### Problem details
Copy everything in the listing below word for word, apart from any images.
____________________
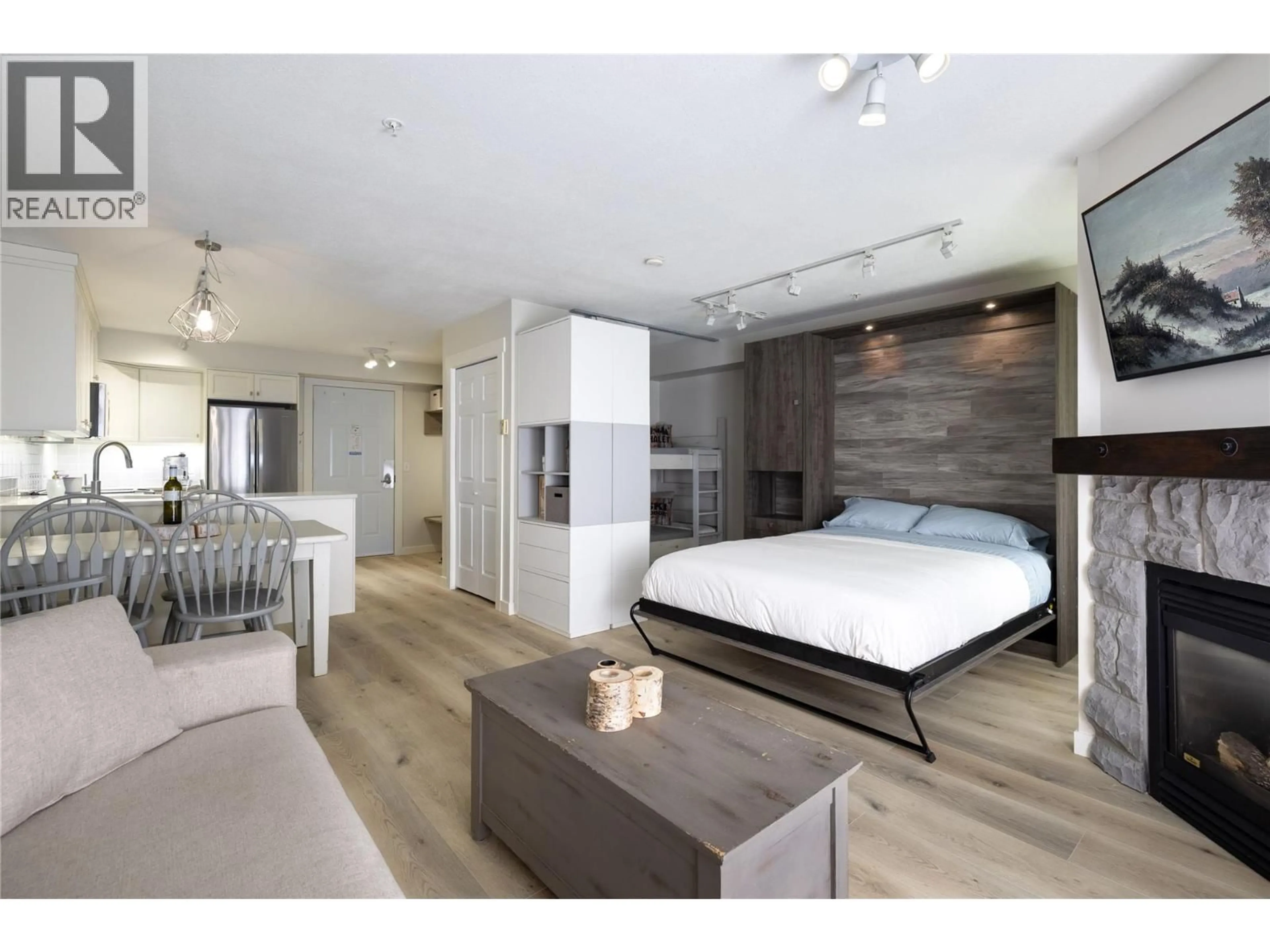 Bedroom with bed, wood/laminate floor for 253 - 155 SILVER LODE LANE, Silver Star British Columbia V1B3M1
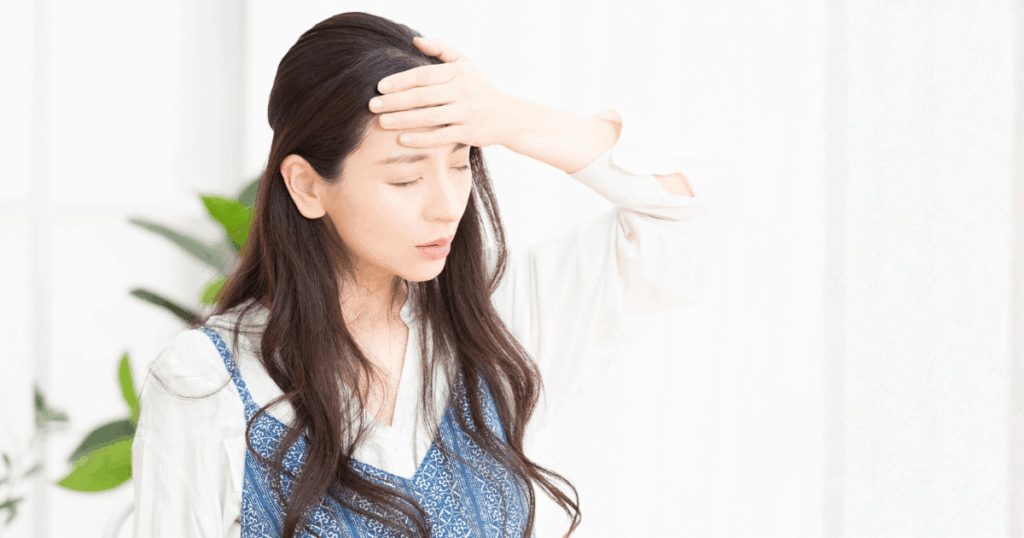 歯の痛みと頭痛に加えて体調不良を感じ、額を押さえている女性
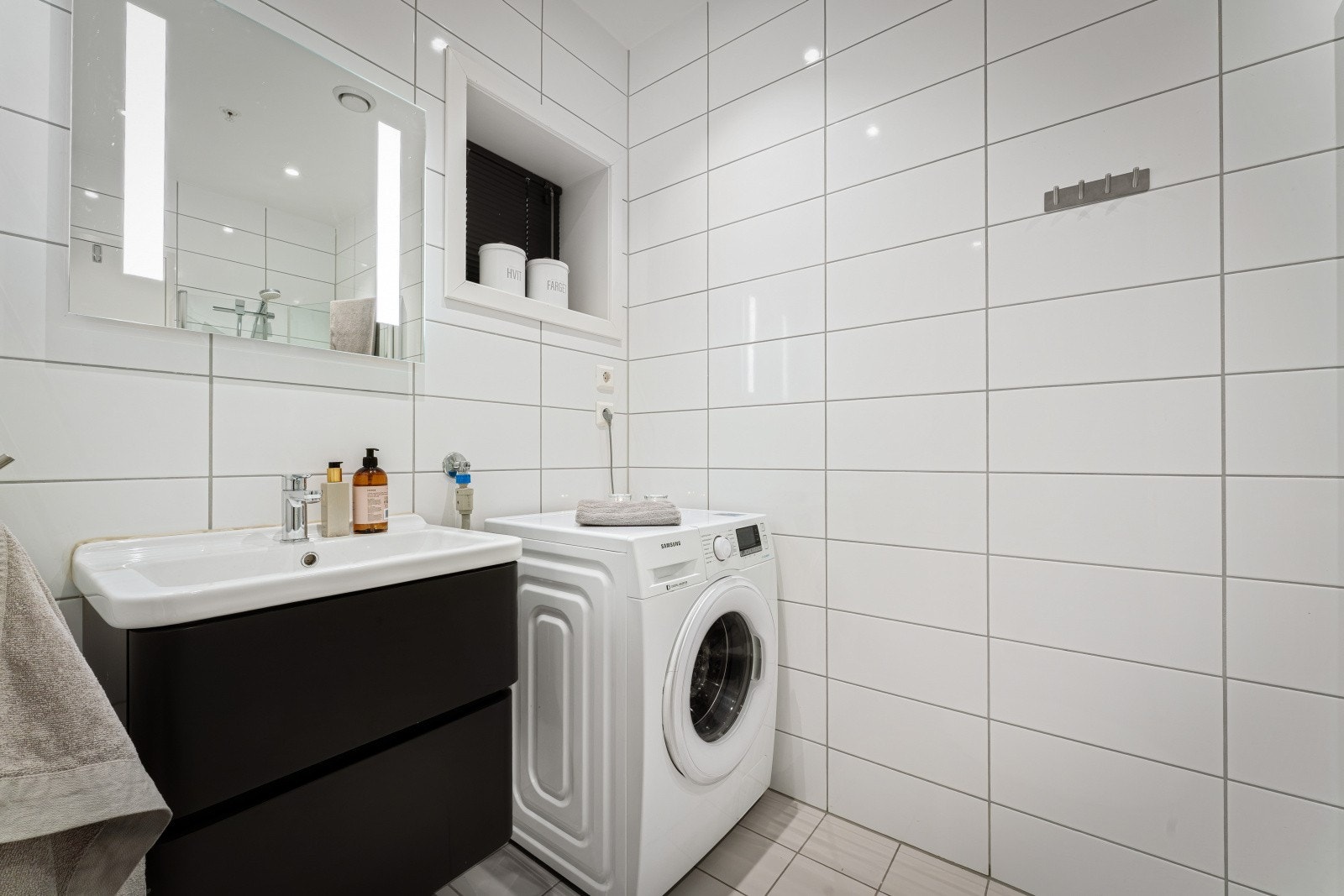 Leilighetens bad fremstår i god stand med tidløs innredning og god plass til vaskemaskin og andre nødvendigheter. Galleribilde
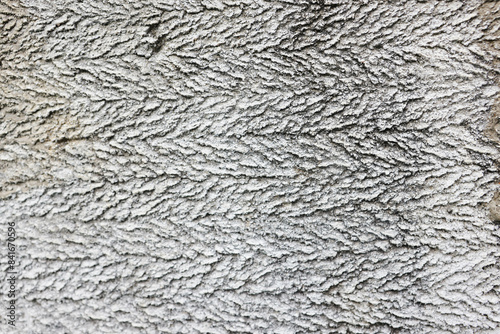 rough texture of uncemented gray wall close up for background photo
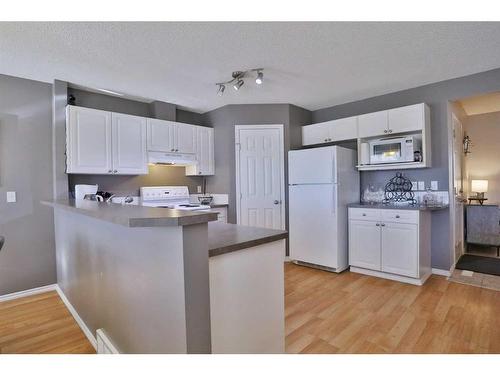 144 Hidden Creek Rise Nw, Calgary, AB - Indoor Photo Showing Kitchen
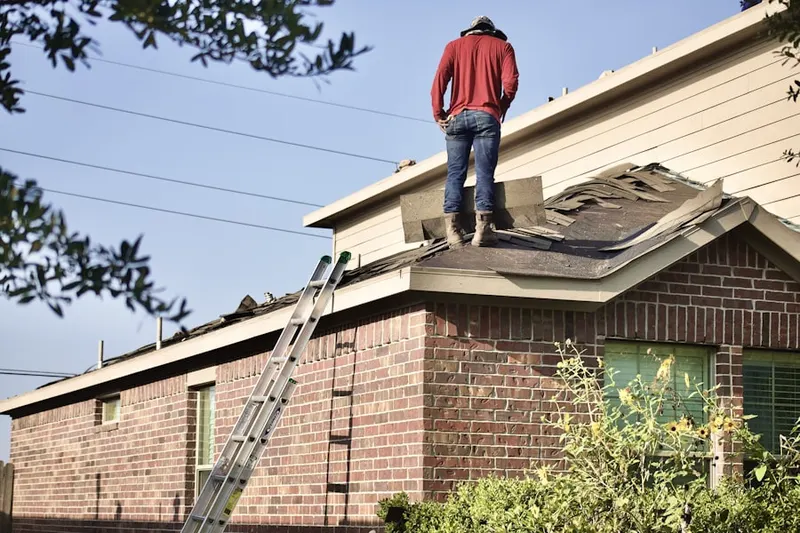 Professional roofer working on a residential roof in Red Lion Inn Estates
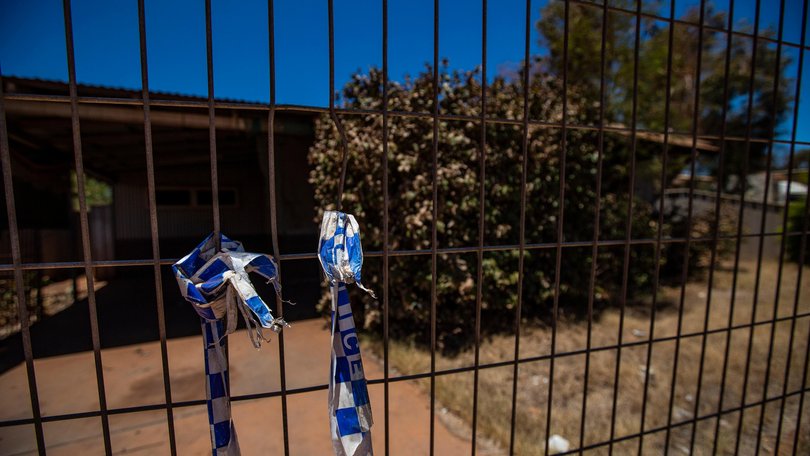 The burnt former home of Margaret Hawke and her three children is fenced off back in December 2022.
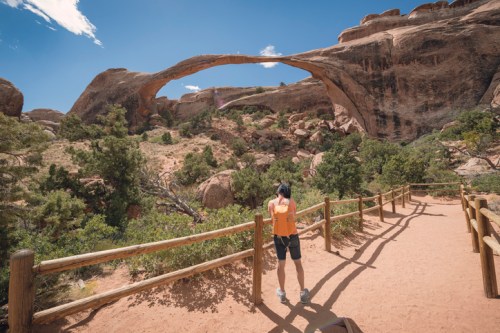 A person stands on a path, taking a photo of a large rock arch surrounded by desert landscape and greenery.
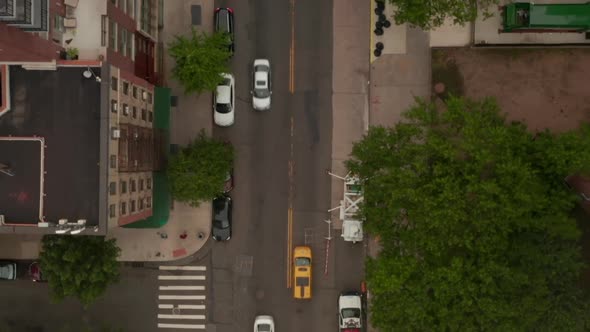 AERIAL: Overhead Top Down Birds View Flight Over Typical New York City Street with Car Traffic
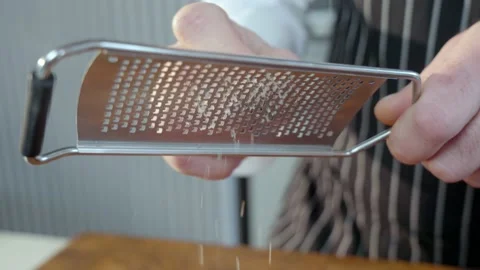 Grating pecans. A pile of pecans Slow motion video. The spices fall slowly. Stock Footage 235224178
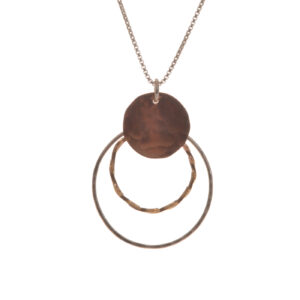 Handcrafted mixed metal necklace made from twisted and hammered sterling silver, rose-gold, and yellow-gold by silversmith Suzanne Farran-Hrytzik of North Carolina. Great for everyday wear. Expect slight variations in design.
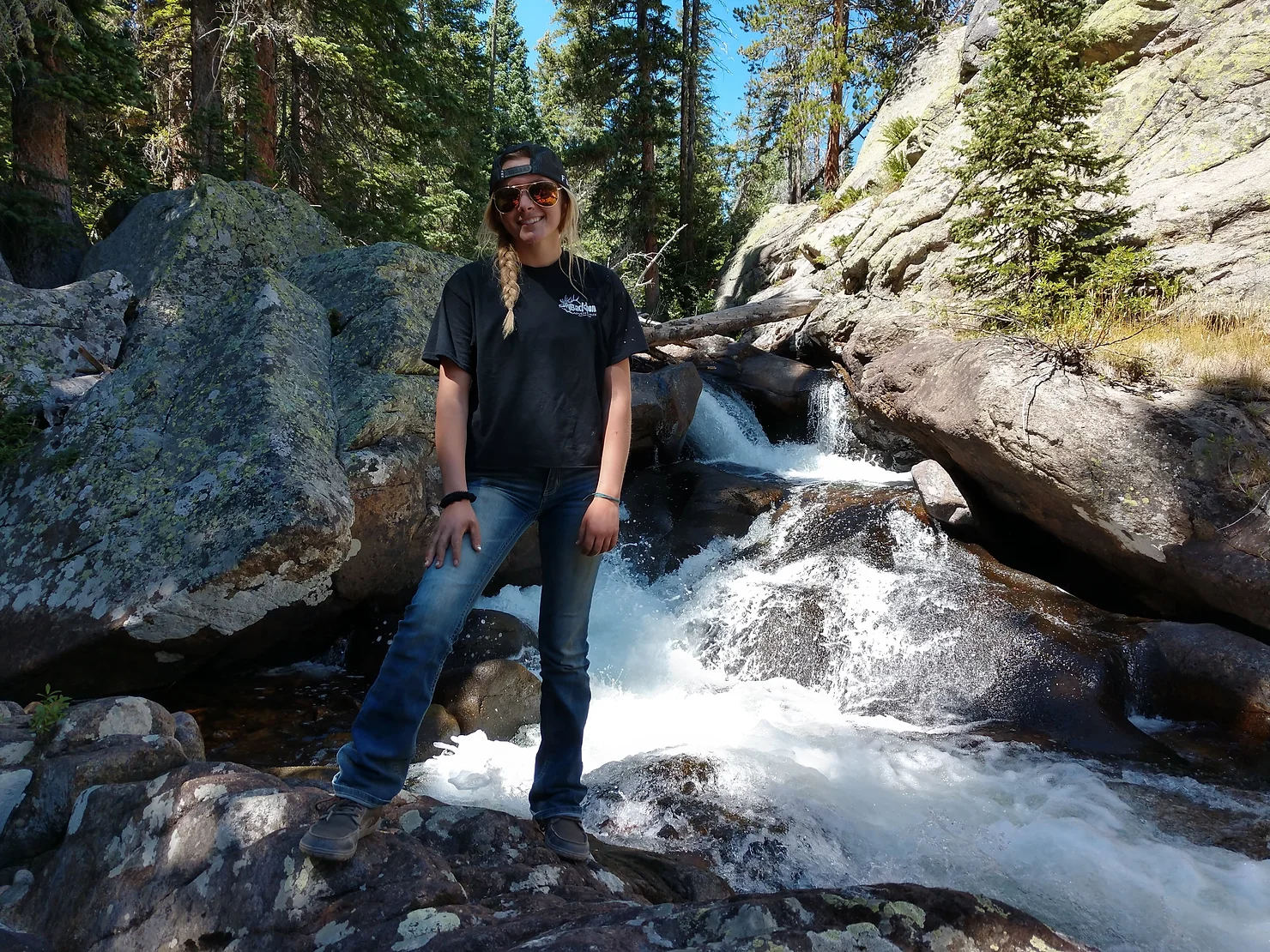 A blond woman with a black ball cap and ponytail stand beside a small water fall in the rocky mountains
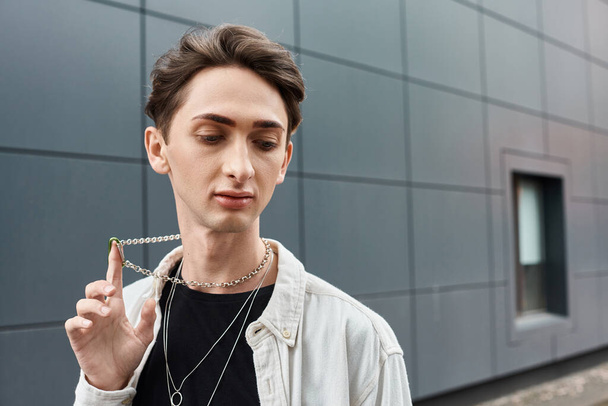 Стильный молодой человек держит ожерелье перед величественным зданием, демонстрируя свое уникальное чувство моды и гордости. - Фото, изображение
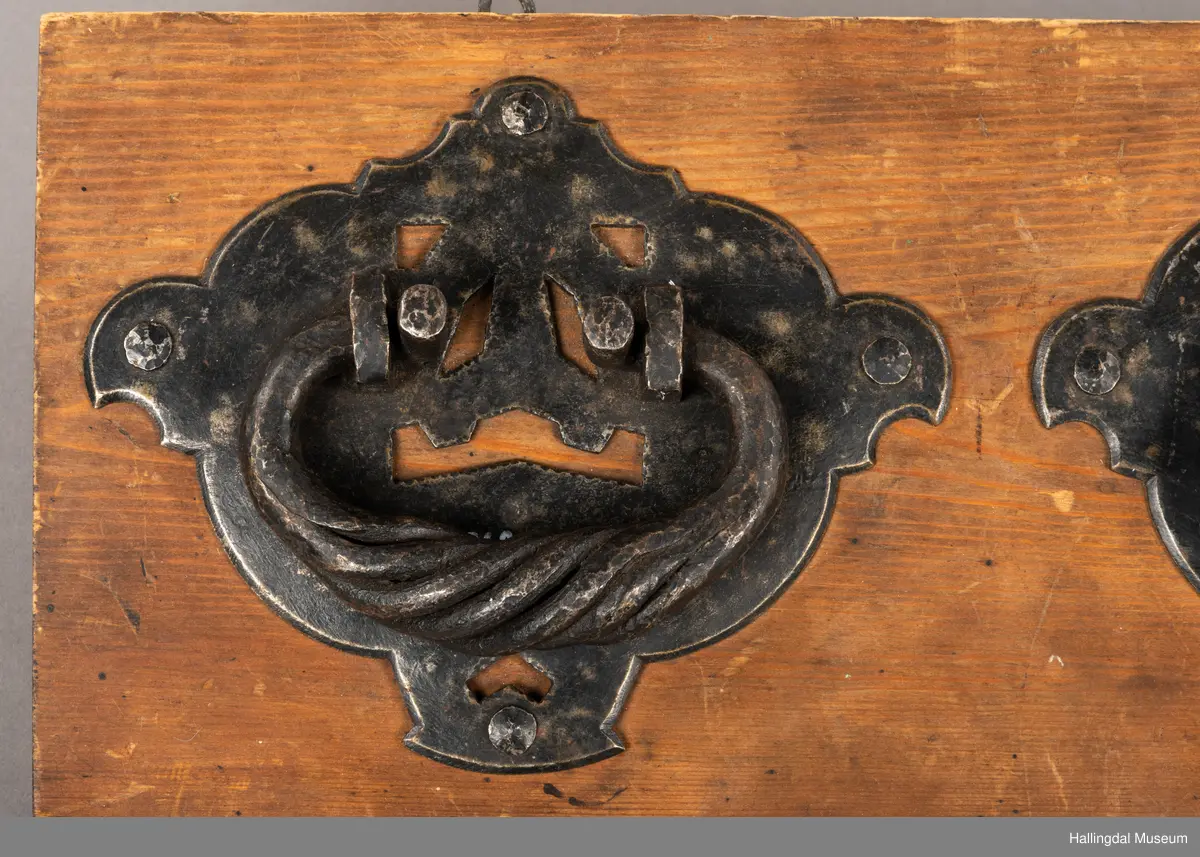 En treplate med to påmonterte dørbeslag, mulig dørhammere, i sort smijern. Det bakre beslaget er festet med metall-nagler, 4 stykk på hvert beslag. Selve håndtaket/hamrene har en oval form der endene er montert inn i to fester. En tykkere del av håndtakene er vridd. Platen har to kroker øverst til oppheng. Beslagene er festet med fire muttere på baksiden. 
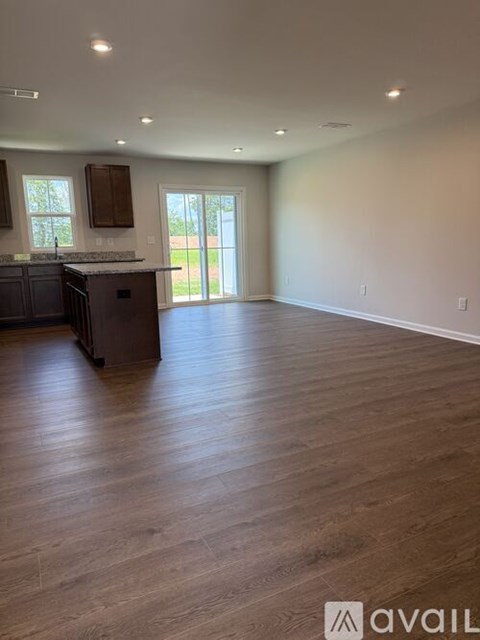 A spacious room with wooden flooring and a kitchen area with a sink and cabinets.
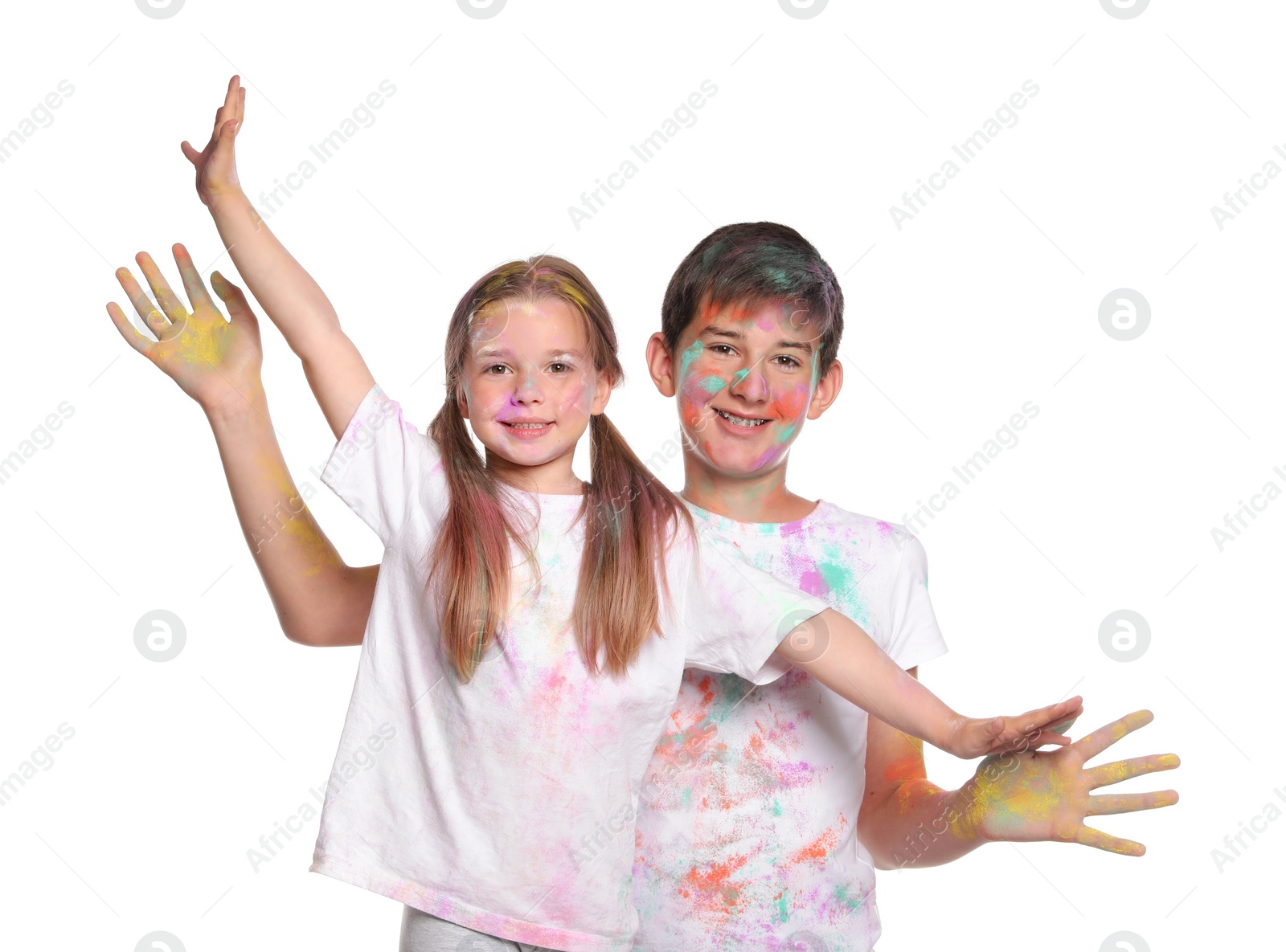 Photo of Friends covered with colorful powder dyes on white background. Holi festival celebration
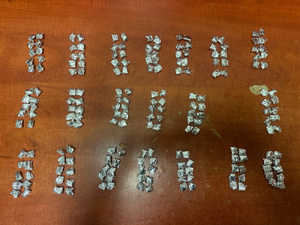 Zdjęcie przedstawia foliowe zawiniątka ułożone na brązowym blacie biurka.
____________________
### Worked solution
 Bedroom with bed, wood/laminate floor for 253 - 155 SILVER LODE LANE, Silver Star British Columbia V1B3M1
 歯の痛みと頭痛に加えて体調不良を感じ、額を押さえている女性
 Leilighetens bad fremstår i god stand med tidløs innredning og god plass til vaskemaskin og andre nødvendigheter. Galleribilde
 rough texture of uncemented gray wall close up for background photo
 144 Hidden Creek Rise Nw, Calgary, AB - Indoor Photo Showing Kitchen
 Professional roofer working on a residential roof in Red Lion Inn Estates
 The burnt former home of Margaret Hawke and her three children is fenced off back in December 2022.
 A person stands on a path, taking a photo of a large rock arch surrounded by desert landscape and greenery.
 AERIAL: Overhead Top Down Birds View Flight Over Typical New York City Street with Car Traffic
 Grating pecans. A pile of pecans Slow motion video. The spices fall slowly. Stock Footage 235224178
 Handcrafted mixed metal necklace made from twisted and hammered sterling silver, rose-gold, and yellow-gold by silversmith Suzanne Farran-Hrytzik of North Carolina. Great for everyday wear. Expect slight variations in design.
 A blond woman with a black ball cap and ponytail stand beside a small water fall in the rocky mountains
 Стильный молодой человек держит ожерелье перед величественным зданием, демонстрируя свое уникальное чувство моды и гордости. - Фото, изображение
 En treplate med to påmonterte dørbeslag, mulig dørhammere, i sort smijern. Det bakre beslaget er festet med metall-nagler, 4 stykk på hvert beslag. Selve håndtaket/hamrene har en oval form der endene er montert inn i to fester. En tykkere del av håndtakene er vridd. Platen har to kroker øverst til oppheng. Beslagene er festet med fire muttere på baksiden. 
 A spacious room with wooden flooring and a kitchen area with a sink and cabinets.
 Photo of Friends covered with colorful powder dyes on white background. Holi festival celebration
 Zdjęcie przedstawia foliowe zawiniątka ułożone na brązowym blacie biurka.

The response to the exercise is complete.